*Work required*: Repeat exactly the lines of the entries below from the one with "Cute handmade blue" through the one with "Maxcorners White and", both ends included, and nothing else.

*Records for this task*:

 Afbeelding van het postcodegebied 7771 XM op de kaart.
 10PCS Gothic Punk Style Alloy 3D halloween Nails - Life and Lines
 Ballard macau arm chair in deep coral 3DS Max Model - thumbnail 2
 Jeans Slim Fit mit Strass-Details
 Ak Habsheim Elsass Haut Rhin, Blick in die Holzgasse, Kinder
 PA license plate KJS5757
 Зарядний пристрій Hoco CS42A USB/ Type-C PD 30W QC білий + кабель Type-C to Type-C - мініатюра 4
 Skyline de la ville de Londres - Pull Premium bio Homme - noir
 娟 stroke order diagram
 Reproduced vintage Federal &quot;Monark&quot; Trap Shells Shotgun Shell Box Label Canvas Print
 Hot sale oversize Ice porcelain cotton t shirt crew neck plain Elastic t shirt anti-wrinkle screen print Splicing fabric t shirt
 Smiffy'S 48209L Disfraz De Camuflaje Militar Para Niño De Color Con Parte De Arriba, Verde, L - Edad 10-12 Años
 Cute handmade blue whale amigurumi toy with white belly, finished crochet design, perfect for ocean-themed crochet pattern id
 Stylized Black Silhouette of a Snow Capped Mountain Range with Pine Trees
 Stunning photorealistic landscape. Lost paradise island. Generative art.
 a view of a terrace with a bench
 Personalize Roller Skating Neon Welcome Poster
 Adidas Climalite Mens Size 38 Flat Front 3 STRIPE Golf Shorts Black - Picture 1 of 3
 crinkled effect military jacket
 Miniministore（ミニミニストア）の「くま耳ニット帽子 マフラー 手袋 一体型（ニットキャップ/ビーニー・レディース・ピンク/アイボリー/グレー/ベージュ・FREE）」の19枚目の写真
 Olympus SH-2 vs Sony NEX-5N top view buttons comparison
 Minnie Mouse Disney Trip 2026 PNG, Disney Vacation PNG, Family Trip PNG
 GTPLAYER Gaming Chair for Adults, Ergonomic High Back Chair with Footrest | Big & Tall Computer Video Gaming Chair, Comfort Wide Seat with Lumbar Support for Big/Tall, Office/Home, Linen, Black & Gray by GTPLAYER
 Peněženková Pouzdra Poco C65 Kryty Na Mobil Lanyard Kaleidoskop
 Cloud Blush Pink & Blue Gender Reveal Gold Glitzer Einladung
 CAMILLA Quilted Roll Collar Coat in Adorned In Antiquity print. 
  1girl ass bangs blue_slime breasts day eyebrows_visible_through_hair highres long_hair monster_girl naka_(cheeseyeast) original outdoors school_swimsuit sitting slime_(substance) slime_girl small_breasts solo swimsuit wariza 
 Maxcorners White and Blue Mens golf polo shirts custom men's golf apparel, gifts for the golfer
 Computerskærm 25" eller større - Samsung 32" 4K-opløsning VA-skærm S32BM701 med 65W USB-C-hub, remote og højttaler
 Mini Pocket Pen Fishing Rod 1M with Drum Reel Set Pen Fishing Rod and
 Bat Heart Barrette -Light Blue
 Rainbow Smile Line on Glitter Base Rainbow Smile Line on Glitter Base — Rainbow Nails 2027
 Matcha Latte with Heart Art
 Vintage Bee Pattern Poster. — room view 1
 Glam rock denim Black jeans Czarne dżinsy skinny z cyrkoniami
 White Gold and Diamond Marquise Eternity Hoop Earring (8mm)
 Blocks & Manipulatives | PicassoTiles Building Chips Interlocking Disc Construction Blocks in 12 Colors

*Solution to the exercise*:
 Cute handmade blue whale amigurumi toy with white belly, finished crochet design, perfect for ocean-themed crochet pattern id
 Stylized Black Silhouette of a Snow Capped Mountain Range with Pine Trees
 Stunning photorealistic landscape. Lost paradise island. Generative art.
 a view of a terrace with a bench
 Personalize Roller Skating Neon Welcome Poster
 Adidas Climalite Mens Size 38 Flat Front 3 STRIPE Golf Shorts Black - Picture 1 of 3
 crinkled effect military jacket
 Miniministore（ミニミニストア）の「くま耳ニット帽子 マフラー 手袋 一体型（ニットキャップ/ビーニー・レディース・ピンク/アイボリー/グレー/ベージュ・FREE）」の19枚目の写真
 Olympus SH-2 vs Sony NEX-5N top view buttons comparison
 Minnie Mouse Disney Trip 2026 PNG, Disney Vacation PNG, Family Trip PNG
 GTPLAYER Gaming Chair for Adults, Ergonomic High Back Chair with Footrest | Big & Tall Computer Video Gaming Chair, Comfort Wide Seat with Lumbar Support for Big/Tall, Office/Home, Linen, Black & Gray by GTPLAYER
 Peněženková Pouzdra Poco C65 Kryty Na Mobil Lanyard Kaleidoskop
 Cloud Blush Pink & Blue Gender Reveal Gold Glitzer Einladung
 CAMILLA Quilted Roll Collar Coat in Adorned In Antiquity print. 
  1girl ass bangs blue_slime breasts day eyebrows_visible_through_hair highres long_hair monster_girl naka_(cheeseyeast) original outdoors school_swimsuit sitting slime_(substance) slime_girl small_breasts solo swimsuit wariza 
 Maxcorners White and Blue Mens golf polo shirts custom men's golf apparel, gifts for the golfer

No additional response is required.